The Graybar Sunshine Carbon Arc Health Lamp
A vintage Graybar Sunshine Carbon Arc Health Lamp, acquired by Larry Brian Radka, the architect of this website, on Ebay, is portrayed in the photographs above and below. It measures about 19 inches in height and 14 in width, and The Saturday Evening Post's 1930 advertisement of this beautiful tanning arc light sets forth some of its other features below:
For those who cannot easily make out the text in the advertisement, it reads as follows:
“Yes, they’re both PALM BEACH
“‘Sun served’ people! What if you can’t go to the beach for a sun-bath these winter days! Beach sunshine . . . glorious, vitamin-laden sunshine . . . can come to you. Right in your home! Any weather. Any hour, day or night. Any season. Anywhere. At the mere touch of a handy lever on the Graybar Sunshine Health Lamp.
“It’s one of the great discoveries of the decade! The story? Below . . .

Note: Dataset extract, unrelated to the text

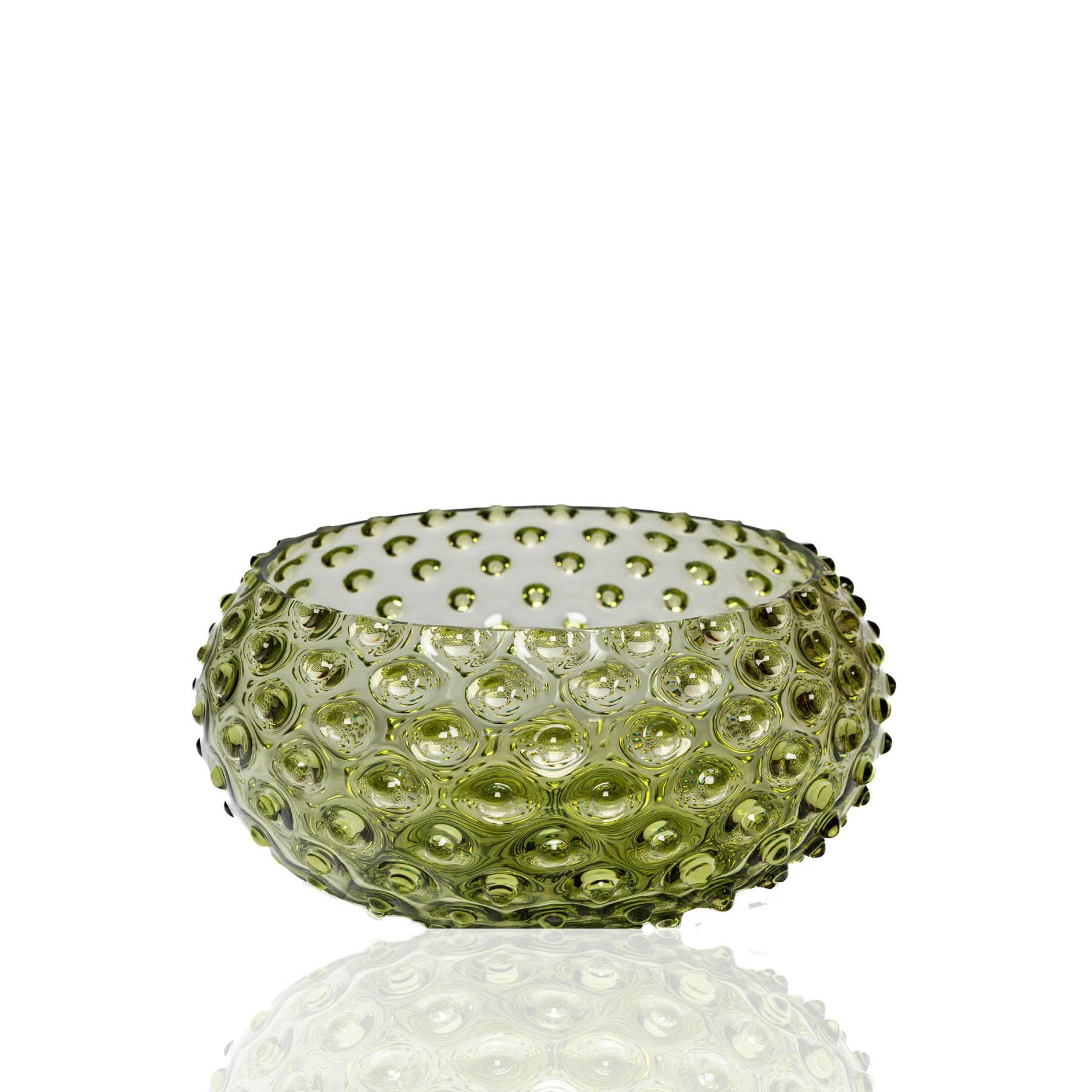 Hobnail Bowl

“About the Graybar Sunshine Health Lamp
“It does for you what natural sunshine does. And what’s more . . . just imagine getting those stimulating healthful rays all over your body . . . with no clothes to interfere!
“Convenient? Use it on any table! . . . Safe? To prevent over-exposure the current goes off automatically after 7 minutes . . . Pleasant? Oh, what soothing, relaxing warmth! . . . Quality? Backed by Graybar, the oldest electrical distributor . . . Price? Reasonable! Coupon below. Mail it.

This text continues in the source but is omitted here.